Mitch Ryder Rocked the Pig Gig
- Category: Dr. J's Blog
- Published: Friday, 07 October 2011 16:23
- Written by Gary Johnson
One of the nice things about all of the summer activities in Bay City (Fireworks Festival, Pig Gig, River Roar etc.) is the fact that quite a few well-known Michigan artists have performed here as part of the festivities. In the past few years, we’ve had the opportunity to see Tommy James & The Shondells, Mark Farner, ? And The Mysterians, and Ted Nugent on Bay City stages.
It was especially great that the legendary Mitch Ryder was chosen to close the 2009 Pig Gig with a Sunday night concert at Veteran’s Memorial Park. Backed by a hot young band featuring alternating lead guitars, keyboards, bass and drums, Ryder interspersed the hits that made him famous with original tunes – some of which were brand new and will soon appear on his upcoming CD produced by fellow Michigander Don Was.
With his famous voice as strong as ever, Mitch kicked off the show with “Rock ‘N Roll”, his 1972 Michigan hit with the short-lived band Detroit. This pretty much set the pattern for the rest of the show as Ryder eschewed the ballads and rocked the crowd from start to finish. Long-time fans were treated to high energy versions of all of his hits with the Detroit Wheels: “Jenny Take A Ride”, “Sock It To Me-Baby!”, “Little Latin Lupe Lu”, as well as the set closer, “Devil With A Blue Dress On & Good Golly Miss Molly”.

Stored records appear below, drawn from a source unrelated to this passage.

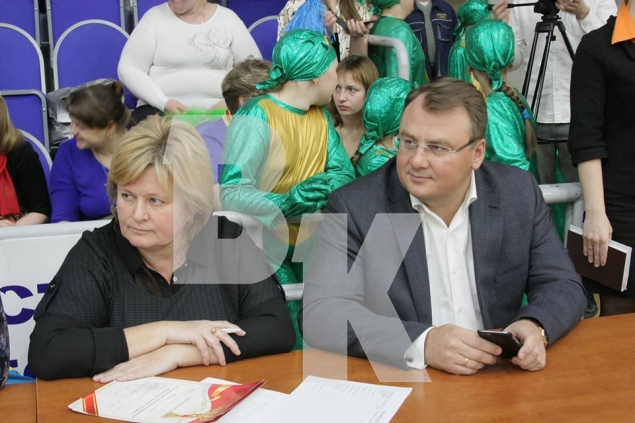Спортивное образование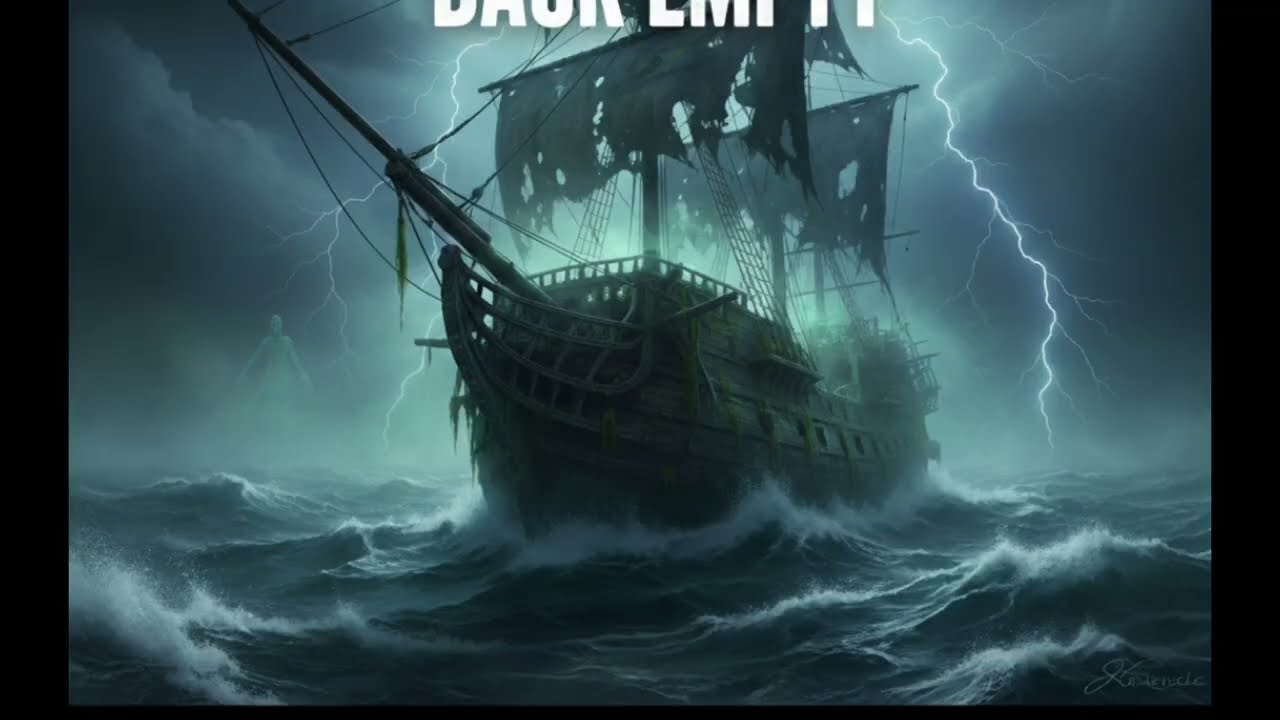 The Ghost Ship That Returned Without a Single Soul #GhostShipMystery #HauntedWaters#DarkOceanLegends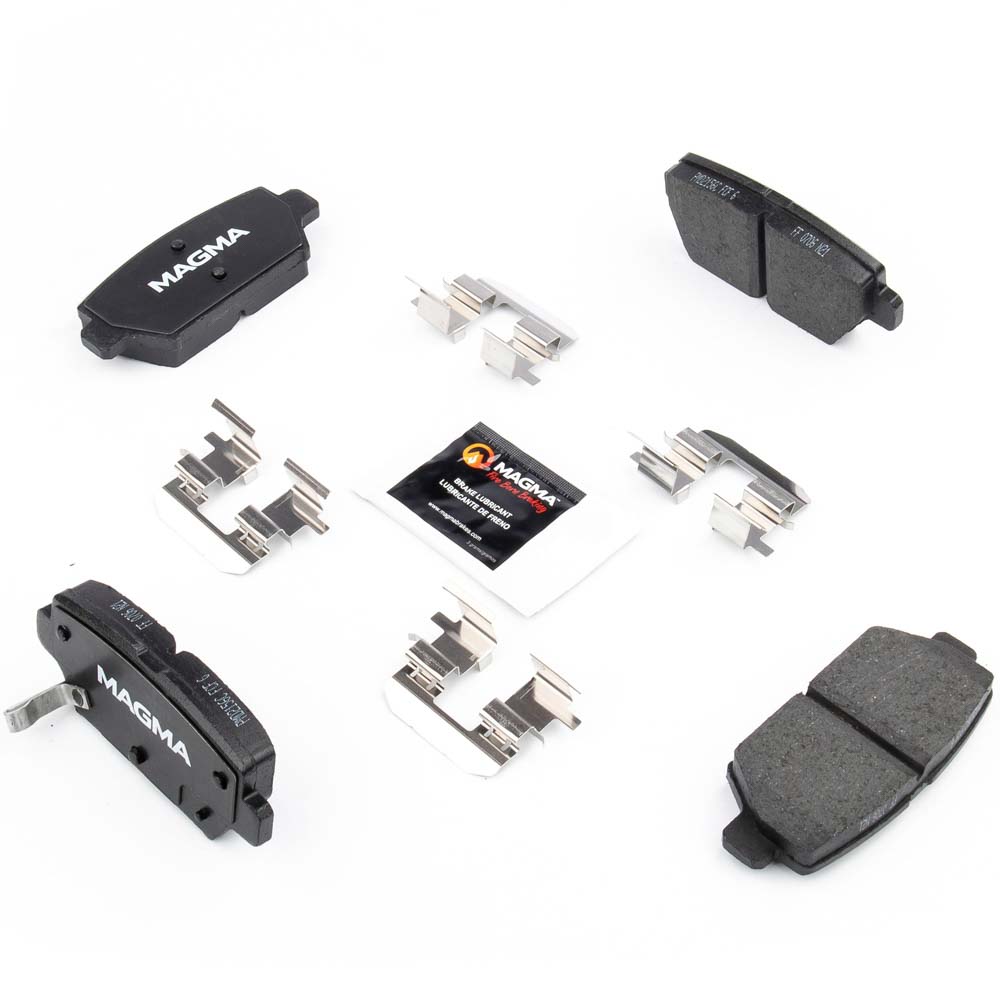 2019 Mitsubishi Eclipse Cross Brake Pad Set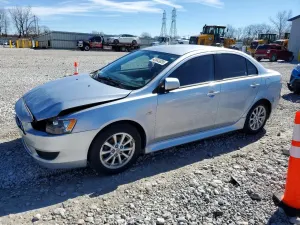 Mitsubishi Lancer 2.4L 4 2012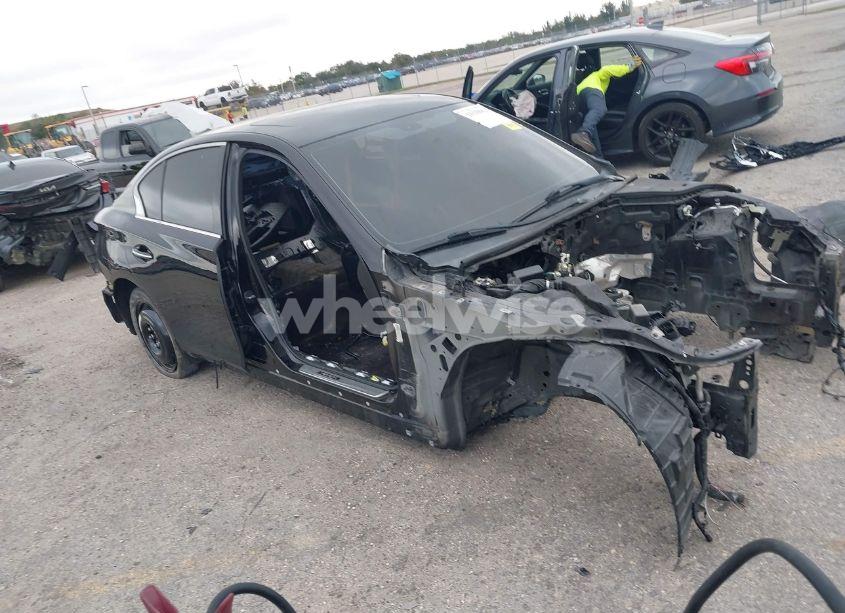 Photo 20 of 2018 Infiniti Q50 3.0T RED SPORT 400 (VIN JN1FV7AP5JM461532)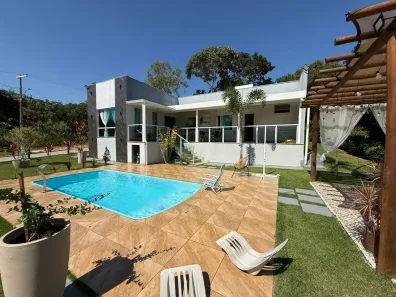 Casa de Condomínio com 3 Quartos à venda, 250m² no Almeida, Jaboticatubas
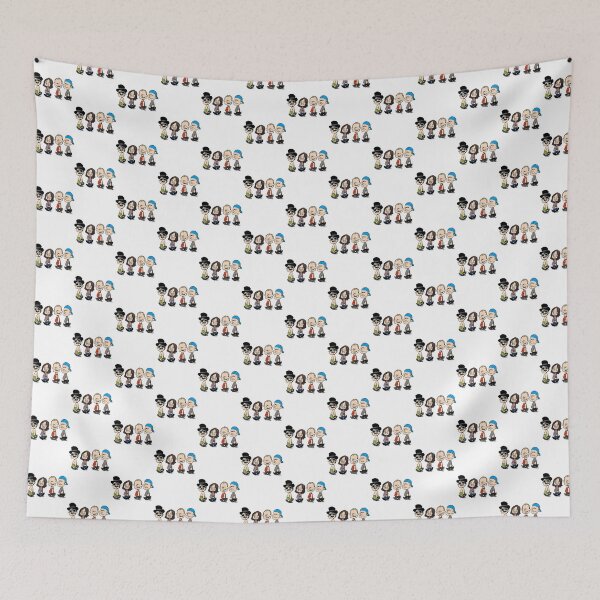 Item preview, Red Hot Chili Peppers Inspired Retro Rock Band Design designed and sold by madridista00.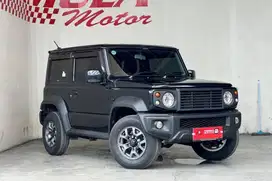 SUZUKI JIMMY 1.5 A/T 4X4 2024 HITAM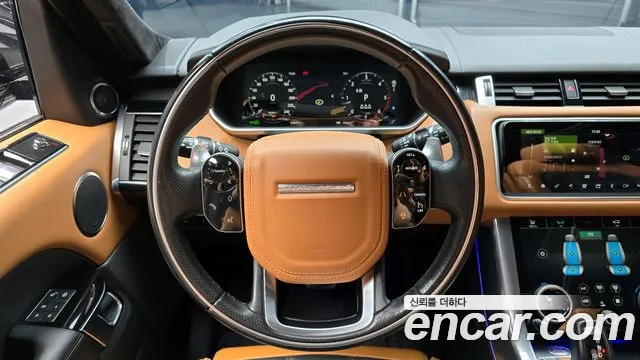 Land Rover Range Rover Sport 2018 — фото 19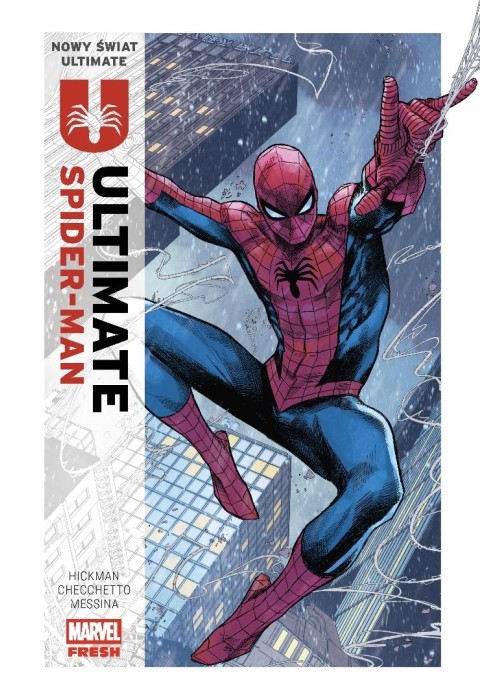 Nowy świat Ultimate T.1 Ultimate Spider-Man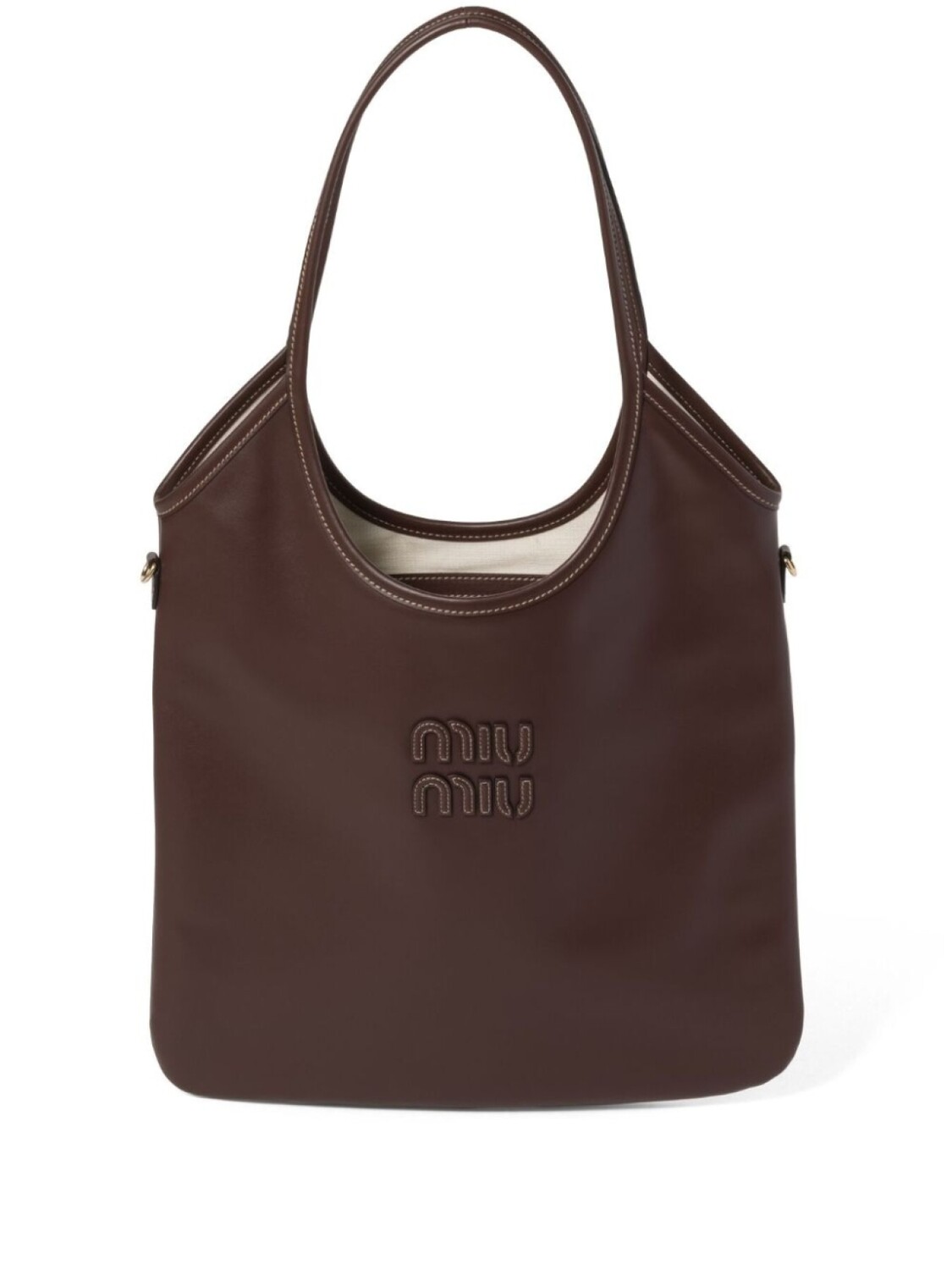 

Miu Miu сумка кожаная IVY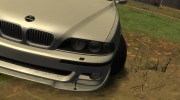BMW M5 E39 Hamann [Beta] для GTA 4 миниатюра 4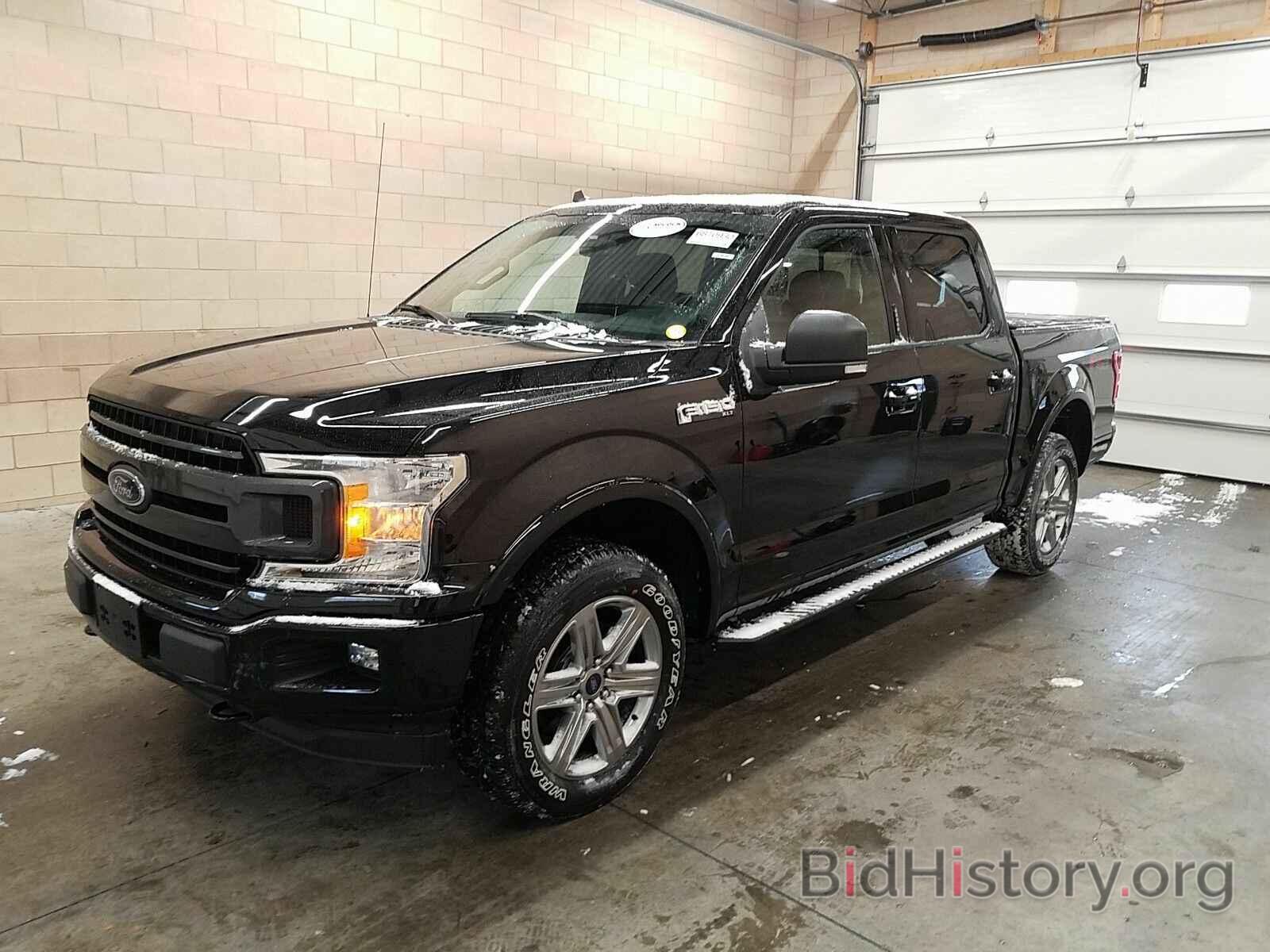 Photo 1FTEW1EP5KFD48229 - Ford F-150 2019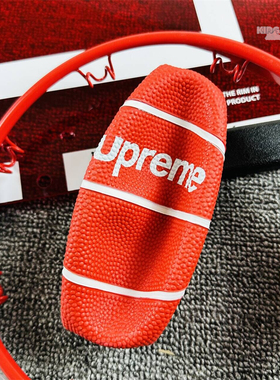 现货SUPREME SPALDING MINI BASKETBALL HOOP 斯伯丁 迷你 篮板
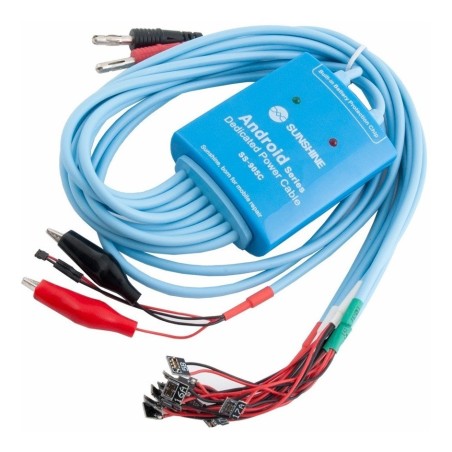 Cable de servicio para lógicas Android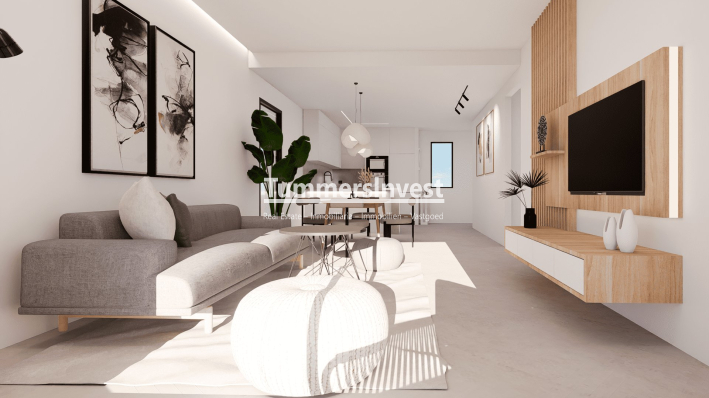 Nieuwbouw Woningen · ground-floor · Finestrat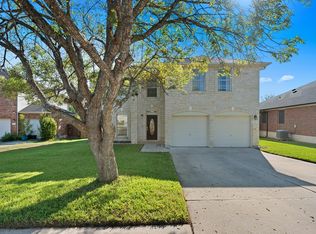 16703 Marsala Springs Dr, Round Rock, TX 78681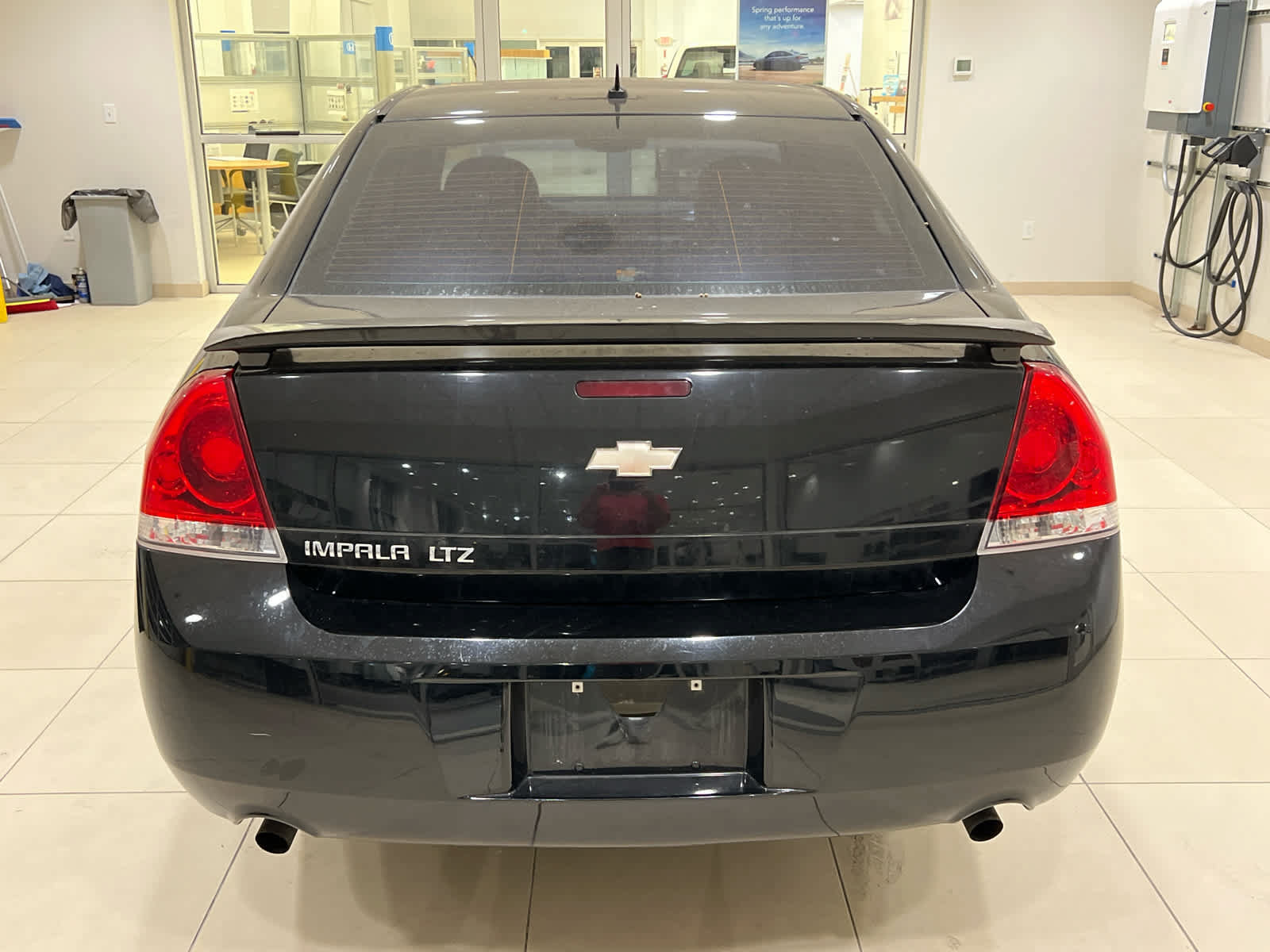 Used 2013 Chevrolet Impala LTZ FWD image 5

I was also very impressed with the new songs that Mitch and the band performed. He introduced each one, but I don’t remember the exact titles. I can best describe them as having kind of a Rolling Stones feel; and I thought it was pretty cool that he would choose to play some of his new material rather than just perform the oldies. In fact, that is what I respect most about Mitch Ryder. Instead of just resting on his laurels, he has continued to create and record new music for the last thirty-plus years.
Mitch Ryder and Dr. J at the Pig Gig.
Most of Mitch's new material has been recorded for German-based labels and has not been readily available in the United States. During the last thirty years, Ryder recorded a dozen albums in Europe where he is a much bigger star than in his own country.
Unfortunately, this situation is the rule rather than the exception in the case of so many great American artists. They are appreciated much more overseas than they are in their homeland. It seems that there is a sad but continuing situation in the United States wherein record companies, radio stations, and the listening public opt to ignore our own rich musical legacy in favor of the latest “American Idol” or other pop flavor of the week.